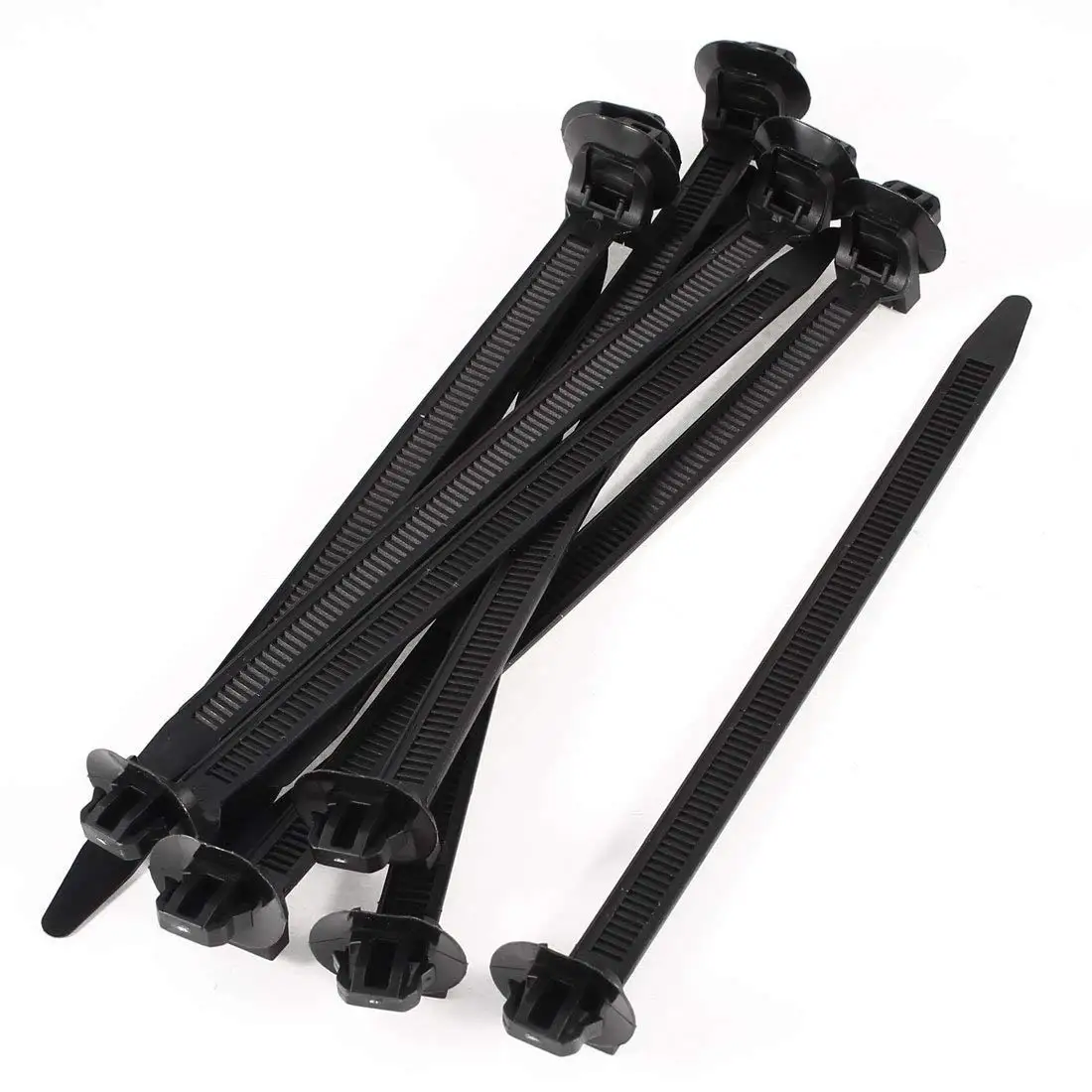 Uxcell 10 Pcs 172mm Long Flexible Black Nylon Oval Top Push Mount Cable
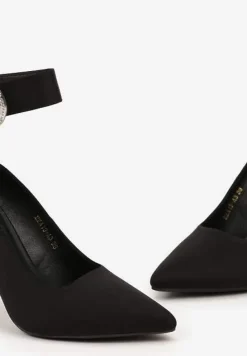 Czarne Szpilki Wykończone Sprzączką z Cyrkoniami Nelsitha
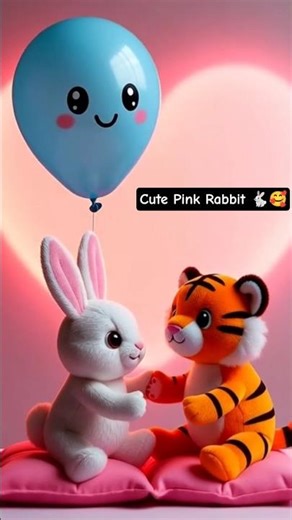 Cute गुलाबी खरगोश 🎀 #sweet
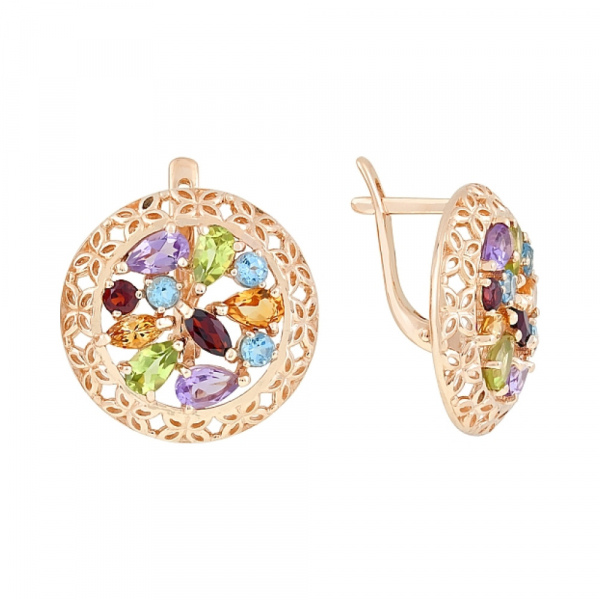 Золотые серьги с полудрагоценными вставками № 113117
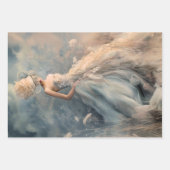 Serene Whispers Ethereal Bird Portrait Botanical Geschenkpapier Set (Vorderseite)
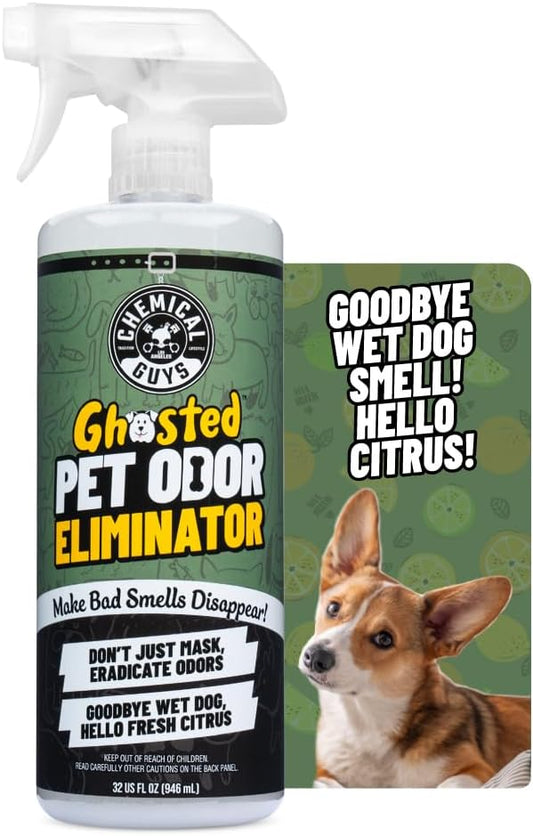 Chemical Guys Ghosted Pet Odor Eliminator 32 Oz Pet Smell Neutralizer For Car Interior, Carpet, Upholstery, Fabric Seats, Home, Furniture, Citrus Scent Spray Cleaner
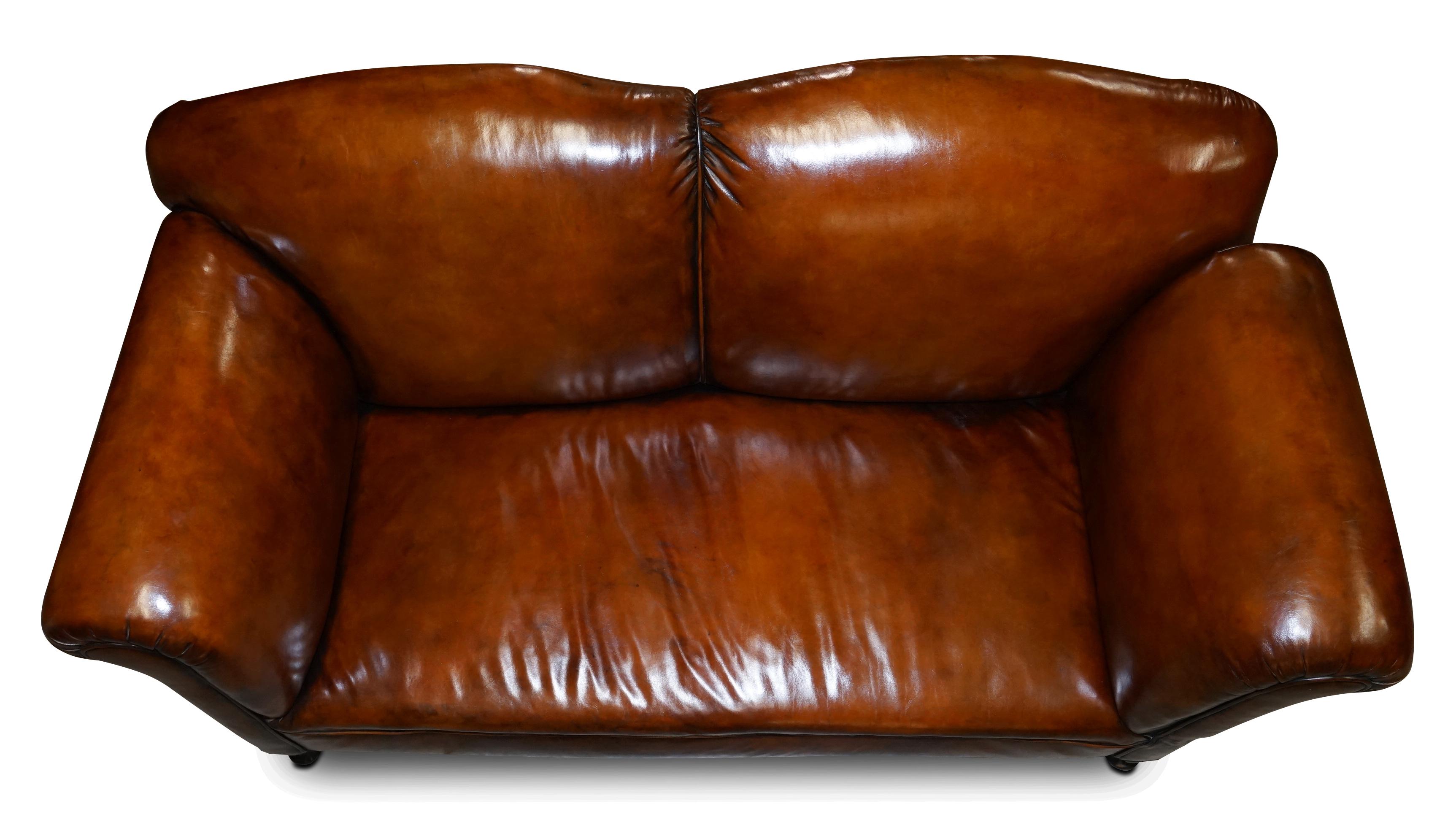 Hand-Crafted Fully Restored Whisky Brown Leather Drop Arm Chaise Lounge Sofa Horse Hair Fill For Sale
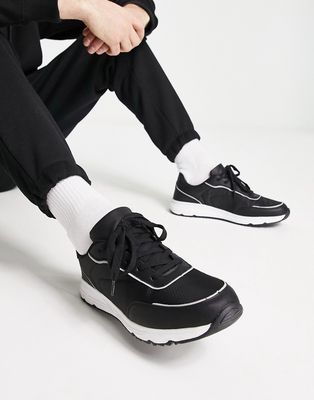 New Look chunky paneled sneakers in black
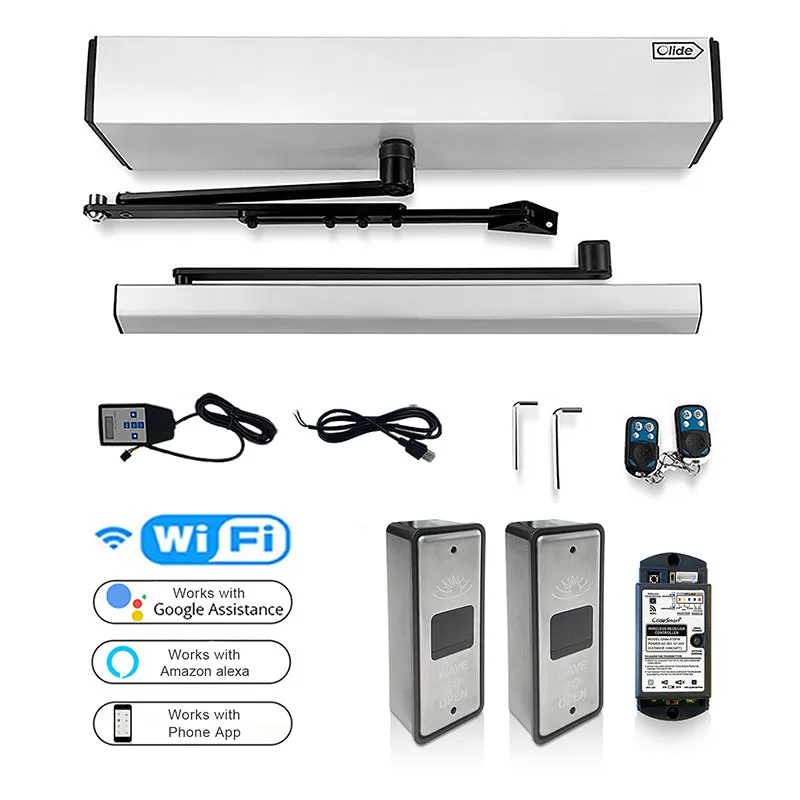 Smart Touchless Electric Swing Door, Automatic Hinge Door Opener with 2pcs Wireless Slim Wave to Open Switch Button
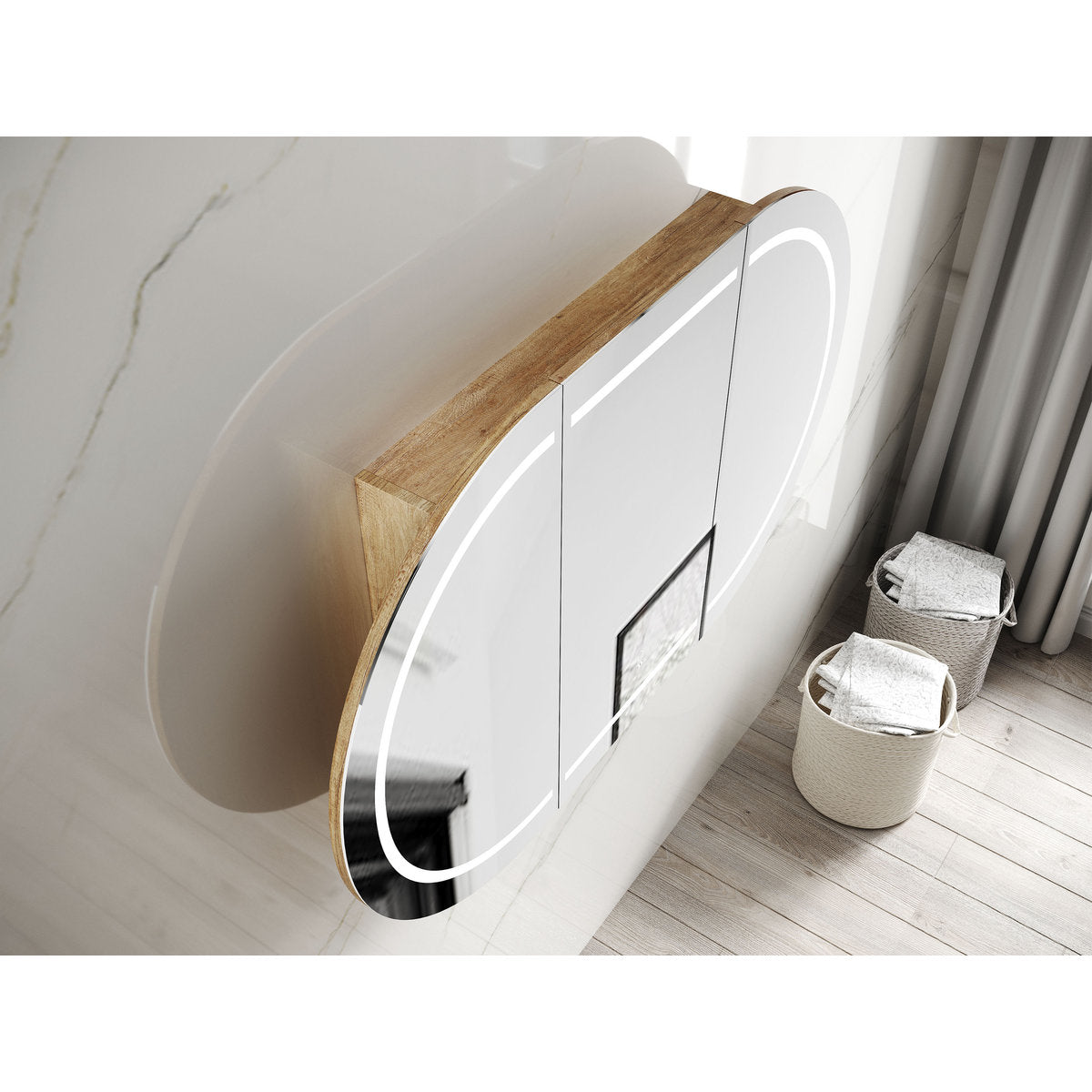 Otti LED Bondi 1800x900 Natural Oak Shaving Cabinet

□ □ □ □ □

• [Problem to work on]:
Without any pictures, reproduce exactly the lines from the line that contains "New Look chunky paneled sneakers in black" to the end of the entries above, both ends included.

• [Expected answer]:
 New Look chunky paneled sneakers in black
 Smart Touchless Electric Swing Door, Automatic Hinge Door Opener with 2pcs Wireless Slim Wave to Open Switch Button
 Otti LED Bondi 1800x900 Natural Oak Shaving Cabinet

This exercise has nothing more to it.